SHOW TABLE products SETTINGS;
Above, you may notice that although we specified the path to the file in /tmp/wordforms/
, Manticore saved it in /var/lib/manticore/products/
. This indicates that Manticore has attached a copy of the file to the created table. The file is now fixed for indexing this table. Replacing the word form file on the fly is not available by design, as it would require reindexing the entire table, which may not be desirable if you have a very large table. We will discuss how to safely and predictably replace such a file later.
This completes the table setup, and the next step is to enter the required data. Data entry is done similarly to any SQL database.

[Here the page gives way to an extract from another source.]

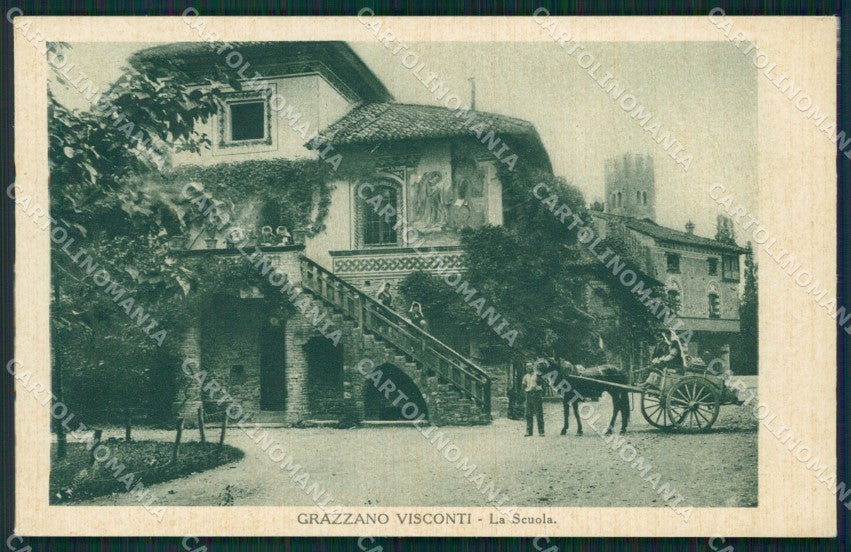 Piacenza Vigolzone Grazzano Visconti Scuola Carretto cartolina MT0787 – fronte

INSERT INTO products (name, price, avl) VALUES ('Canvas leash, green, up to 50 kg, 5m', 5.0, 1);
INSERT INTO products (name, price, avl, info) VALUES ('Elastic leash, pink, up to 10 kg, 3m', 12.00, 0, 'A beautiful leash for sophisticated ladies and their four-legged companions');
INSERT INTO products (name, price, avl, info) VALUES ('Pink harness, up to 10 kg', 8.00, 1, 'For room guards released into the street and mistakenly called a dog');
INSERT INTO products (name, price, avl, info) VALUES ('The flexi retractable dog leash, 10 kg, 5m', 7.50, 1, 'A flexi for dogs up to 10 kg. The length is 5 meters, taking into account the length of the owner\'s pulled out arm');
INSERT INTO products (name, price, avl, info) VALUES ('Dog food, 1kg', 4.30, 0, 'Dry food for your pet');
INSERT INTO products (name, price, avl, info) VALUES ('Cat food, 1kg', 2.80, 1, 'If your cat is yelling loudly and demanding food!');
INSERT INTO products (name, price, avl, info) VALUES ('Flea collar for cats , 1kg', 23.20, 1, 'Cats shouldn\'t be flea carriers.');
INSERT INTO products (name, price, avl, info) VALUES ('Flea drops for dogs up to 10 kg', 14.30, 1, 'Drops from uninvited passengers on the skin of your defender');
Be careful with apostrophes; there are abbreviations in the text that use them, and it is important to isolate them from the rest of the text with
\
:'Isn\'t it'
. Manticore does not support double quotes for strings, which would be useful to avoid escaping single apostrophes.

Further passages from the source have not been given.